(Stored data entries)
>>>>

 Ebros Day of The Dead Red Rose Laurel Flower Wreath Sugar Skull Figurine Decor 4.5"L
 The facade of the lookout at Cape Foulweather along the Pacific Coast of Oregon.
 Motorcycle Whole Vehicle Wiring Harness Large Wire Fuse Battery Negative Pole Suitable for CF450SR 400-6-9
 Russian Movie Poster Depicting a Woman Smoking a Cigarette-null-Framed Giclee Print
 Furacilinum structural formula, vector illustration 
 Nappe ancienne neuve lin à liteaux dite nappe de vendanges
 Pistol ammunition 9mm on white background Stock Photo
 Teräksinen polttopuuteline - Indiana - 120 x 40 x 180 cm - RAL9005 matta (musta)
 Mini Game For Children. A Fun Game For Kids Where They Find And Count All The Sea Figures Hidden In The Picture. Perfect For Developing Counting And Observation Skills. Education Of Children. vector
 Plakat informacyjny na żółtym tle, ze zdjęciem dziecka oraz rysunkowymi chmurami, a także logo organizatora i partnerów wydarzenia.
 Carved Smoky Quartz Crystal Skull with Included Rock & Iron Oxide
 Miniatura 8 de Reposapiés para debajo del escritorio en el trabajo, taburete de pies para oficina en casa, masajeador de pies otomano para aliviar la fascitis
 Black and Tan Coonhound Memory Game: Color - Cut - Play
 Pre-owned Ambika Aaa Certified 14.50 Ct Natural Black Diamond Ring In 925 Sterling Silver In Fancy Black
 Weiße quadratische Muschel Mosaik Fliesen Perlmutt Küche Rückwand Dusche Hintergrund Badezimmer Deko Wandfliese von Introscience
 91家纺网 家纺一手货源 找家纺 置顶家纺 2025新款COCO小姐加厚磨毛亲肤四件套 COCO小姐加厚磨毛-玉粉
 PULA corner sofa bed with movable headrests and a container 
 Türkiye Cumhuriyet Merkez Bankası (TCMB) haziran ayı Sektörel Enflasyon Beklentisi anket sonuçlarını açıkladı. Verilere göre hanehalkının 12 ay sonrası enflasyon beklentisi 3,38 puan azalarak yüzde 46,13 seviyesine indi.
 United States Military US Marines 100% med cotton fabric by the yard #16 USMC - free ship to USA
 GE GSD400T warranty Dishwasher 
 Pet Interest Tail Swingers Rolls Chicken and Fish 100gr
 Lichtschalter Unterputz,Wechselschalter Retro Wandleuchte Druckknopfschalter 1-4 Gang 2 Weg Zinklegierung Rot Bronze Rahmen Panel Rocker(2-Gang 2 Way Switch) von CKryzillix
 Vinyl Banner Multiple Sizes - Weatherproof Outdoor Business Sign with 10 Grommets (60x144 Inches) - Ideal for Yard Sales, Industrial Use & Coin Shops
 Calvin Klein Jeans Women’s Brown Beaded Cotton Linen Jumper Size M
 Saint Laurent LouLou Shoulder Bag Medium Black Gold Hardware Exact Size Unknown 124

<<<<

Task goal:
The lines to copy run from the first line of the entries to the line containing "Pistol ammunition 9mm"; copy them exactly and output nothing else.

Answer area:
 Ebros Day of The Dead Red Rose Laurel Flower Wreath Sugar Skull Figurine Decor 4.5"L
 The facade of the lookout at Cape Foulweather along the Pacific Coast of Oregon.
 Motorcycle Whole Vehicle Wiring Harness Large Wire Fuse Battery Negative Pole Suitable for CF450SR 400-6-9
 Russian Movie Poster Depicting a Woman Smoking a Cigarette-null-Framed Giclee Print
 Furacilinum structural formula, vector illustration 
 Nappe ancienne neuve lin à liteaux dite nappe de vendanges
 Pistol ammunition 9mm on white background Stock Photo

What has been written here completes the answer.